* [TASK INSTRUCTIONS]
Would you return, word for word, the lines of the data below from the line with "The Real Meiyazhagan" through the line with "Naturkundliche Wattwanderung im", and no others?

* [DATA FOR REVIEW]
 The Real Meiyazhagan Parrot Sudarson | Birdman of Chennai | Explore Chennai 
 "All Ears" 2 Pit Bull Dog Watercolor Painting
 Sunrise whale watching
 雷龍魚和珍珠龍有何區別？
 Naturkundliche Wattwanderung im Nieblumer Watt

---

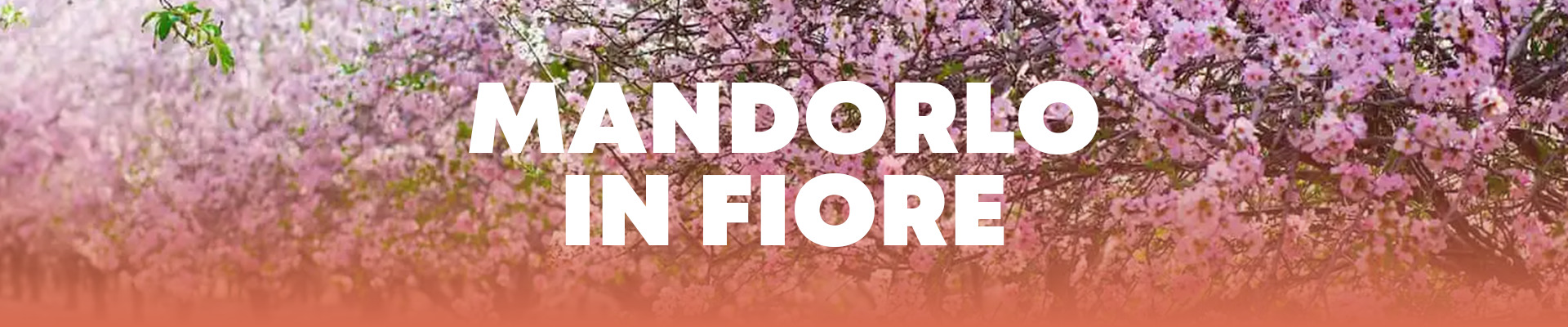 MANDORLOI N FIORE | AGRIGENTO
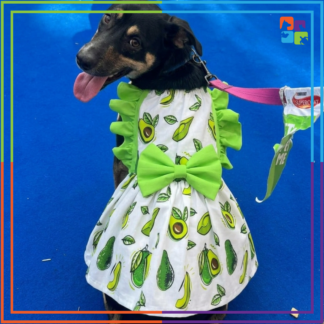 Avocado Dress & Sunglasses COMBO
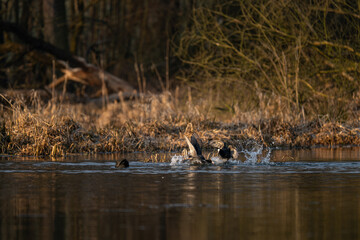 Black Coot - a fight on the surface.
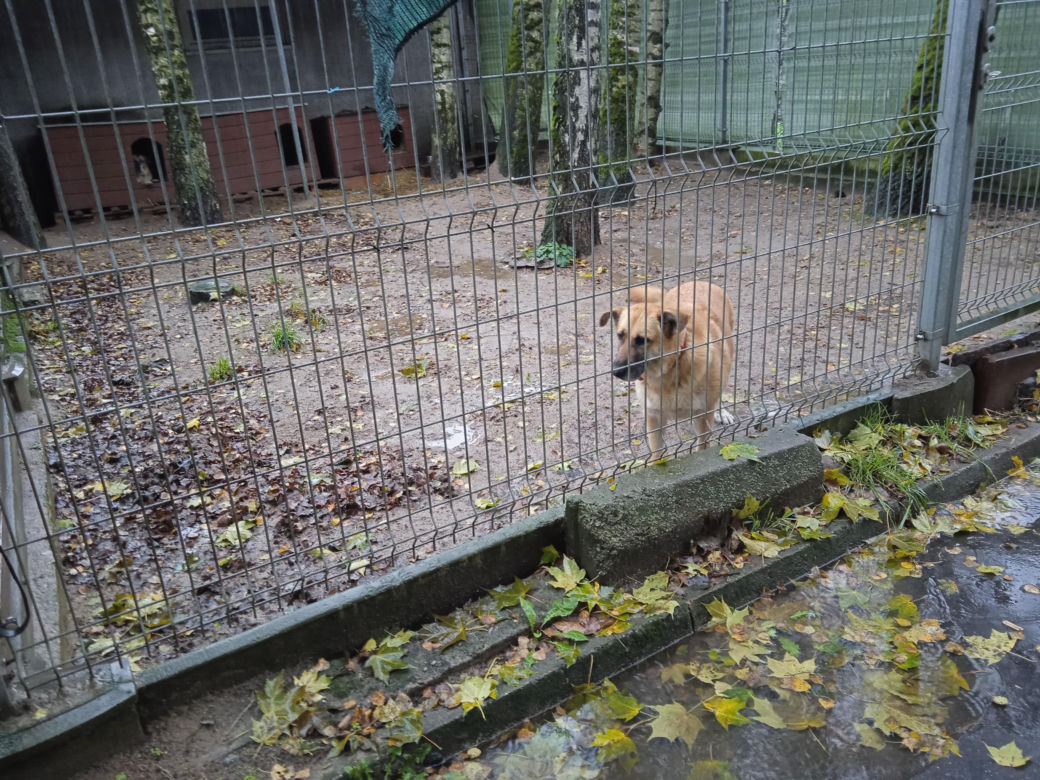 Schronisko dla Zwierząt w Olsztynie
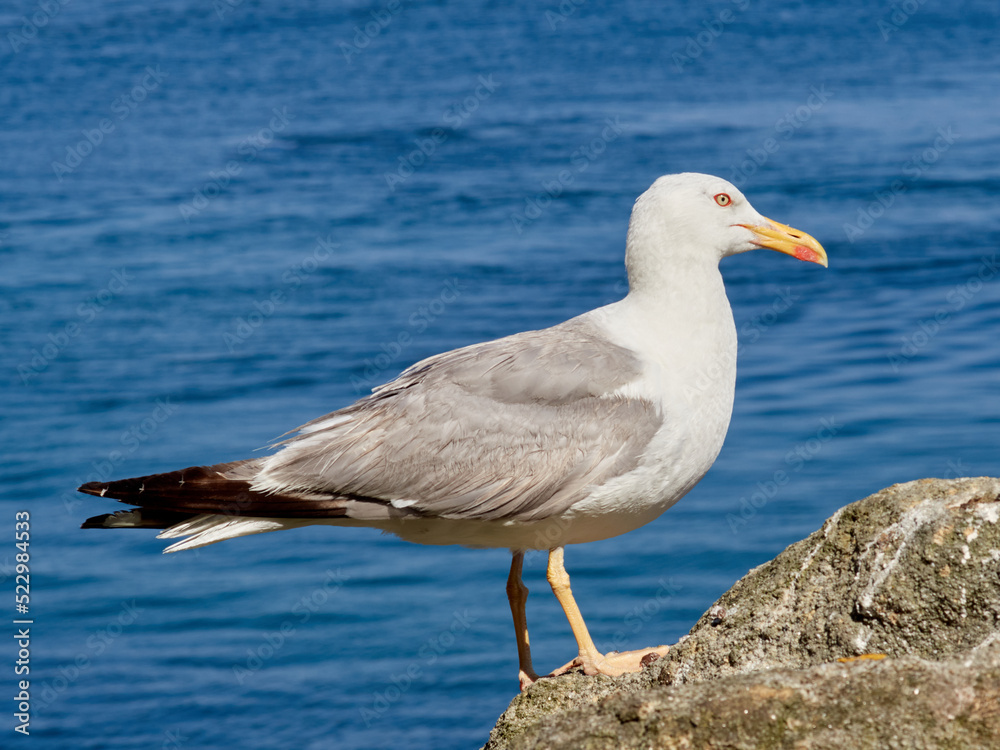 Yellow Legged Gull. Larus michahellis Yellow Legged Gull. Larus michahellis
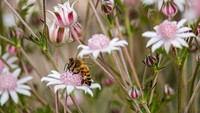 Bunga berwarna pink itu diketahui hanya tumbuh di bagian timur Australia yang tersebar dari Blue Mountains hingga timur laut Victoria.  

* [EXPECTED OUTPUT]
 The Real Meiyazhagan Parrot Sudarson | Birdman of Chennai | Explore Chennai 
 "All Ears" 2 Pit Bull Dog Watercolor Painting
 Sunrise whale watching
 雷龍魚和珍珠龍有何區別？
 Naturkundliche Wattwanderung im Nieblumer Watt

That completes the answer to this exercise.